23 Nisan Ulusal egemenlik bayramı kutlandı, öyle bir zamanda ve öyle bir sahipsizlik içinde kutlandı ki, ulus ve o ulusu oluşturan unsurlar özelliklerini tam da yitirdikleri bir zamanda…
Bir ulusun varlığı yaşadığı coğrafyada o ulusu oluşturan unsurların ortak paydalarının olması ve belli bir toprak parçasını kendilerine ulus toprağı olarak kabul etmeleri gerekir o coğrafya da…
Dil birliği, inanç birliği, sosyal birlikteliği, geleneklerin birliği ve ekonomik bağımsızlık ile kültürel bağımsızlık…
Son yıllarda öyle bir hal aldı ki ulusal bağımsızlıktan söz etmek çok zor bir tabloya kavuşmuş oldu, Ümmet anlayışı içinde ulusal birliğin varlığından söz edilemez oldu.
Örneğin daha önce Osmanlının 72 millet olgusundan ulusal birliğe gitme kararı alan Cumhuriyet Türkiye sini kuran unsurlar, tek dil, tek millet, tek inanç ve tek devlet sloganı ile kurdukları bu ulus birlikteliği…
Büyük Ortadoğu projesi ve Arap baharı planları ile bölgemizde kurulan İşit yapılanması kısa bir sürede yakın komşularımızda bir ümmet imparatorluğunun kurulmasına neden oldu.
Bu yapılanma ile birlikte Suriye ve Irak ulus devletleri yerine bu İslam ümmet birliği kuruldu, bu kuruluşa ilk başlarda can ve mal ile destek veren Türkiye ulus devleti, daha sonra bu yapının bozulması için mücadele etmek zorunda bırakıldı.
Ama bunun en büyük sıkıntı ve sancılarını Türkiye ulus devleti yaşamakta ve kendi ulusal birliği üzerinde büyük bir yük bırakmış oldu.
Daha doğrusu Türkiye de ulusal birlik ve bütünlük tehlike altına girdi, bu güne kadar ulusal bütünlüğü korumaya ve tek dil, tek kültür, tek inanç yerleştirmeye çalışan siyasi yapı…
Ortadoğu ve Asya dan kopup gelen göçmen ve sığınmacıların istilasına uğradı, Arap, Fars ve Afgan yoksullarının istilasına uğrayan Ulus devlet, sadece demografik yapıyı değil, kültürel ve ekonomik yapıyı da yok etmek zorunda bırakıldı.
Büyük şehir varoşlarına ve hatta merkezine yerleşen bu unsurlar ulusal birliği bozduğu gibi, kültürel birliği ve sosyal yapıyı da yerle bir etti.
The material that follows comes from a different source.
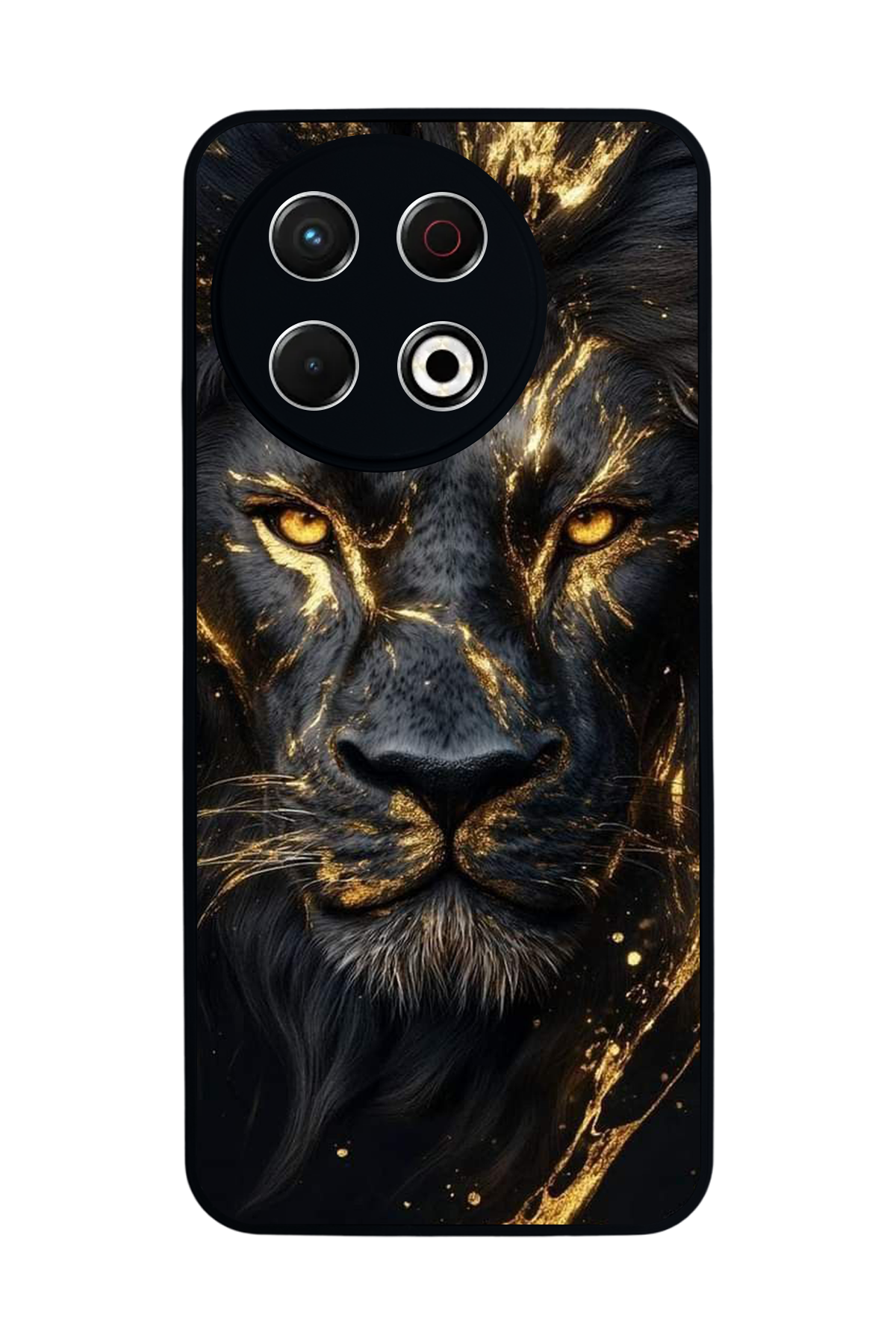 Tecno Spark 30 Pro Uyumlu Aslan Tasarımlı Glossy Premium Kılıf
Bu gün bu göçlerin istilası altında, ne Türkçe olarak kabul edilen ulusal dil, ne Türk olarak kabul edilen ulus birliği ve bütünlüğünden söz edilebilir.
Arap dili ve kültürü, Arap yaşam stili, onların giyim ve kuşamı, onların yemek ve içmek kültürü, onların sosyal hayatı ve kültürel yapısı…
İşte ulus devletten çıkarak ümmet devleti haline dönüştürülen bir ülkede Ulusal egemenlik bayramından söz edilmesi mümkün görünmüyor!
Bu yüzden bu ulusal birlik ve egemenliği kuran Mustafa Kemal e onun dava arkadaşlarına bu gün ki iktidar pek saygı göstermiyor ve hatta bu bayramın anlam ve önemini benimsemiyorlar…
Bu gün dünya ekonomi sinde gelişmişlik sıralamasında üç puan gerileyen ve G 20 listesinden çıkan…
Bu gün devlet itibarı olarak CDS yani güvenilirlik puanı 700’lere kadar inen, yatırım yapılmaya ve yaşanmaya güven olmayan bir ümmet devleti haline dönüştürüldük.
Bu bazıları tarafından iyi ve hoş karşılanabilir, ama bu devletin asıl unsurları ulusal egemenlikten söz edemeyeceklerini çok iyi bildikleri için, bu bayram arifesinde, sığınmacı istilasını doğrudan işaret ederek, buna son verilmesinin yollarını aramaya çalışıyorlar.
Bundan sonra nasıl bir ulusal egemenlik kurarlar ve nasıl eski seviyesine ulaşırlar bilemem, her şeye rağmen ulusal egemenlik ve çocuk bayramı kutlu olsun!